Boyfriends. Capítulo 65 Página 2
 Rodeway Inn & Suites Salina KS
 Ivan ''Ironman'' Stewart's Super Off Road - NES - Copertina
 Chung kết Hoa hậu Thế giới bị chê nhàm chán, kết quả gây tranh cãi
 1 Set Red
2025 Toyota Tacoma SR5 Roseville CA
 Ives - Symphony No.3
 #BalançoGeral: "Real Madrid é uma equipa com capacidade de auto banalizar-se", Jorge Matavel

+++

● Problem description: Retype the line containing "Chung kết Hoa" and each line after it through the end of the listing, exactly, leaving out everything else.

● Final answer:
 Chung kết Hoa hậu Thế giới bị chê nhàm chán, kết quả gây tranh cãi
 1 Set Red
2025 Toyota Tacoma SR5 Roseville CA
 Ives - Symphony No.3
 #BalançoGeral: "Real Madrid é uma equipa com capacidade de auto banalizar-se", Jorge Matavel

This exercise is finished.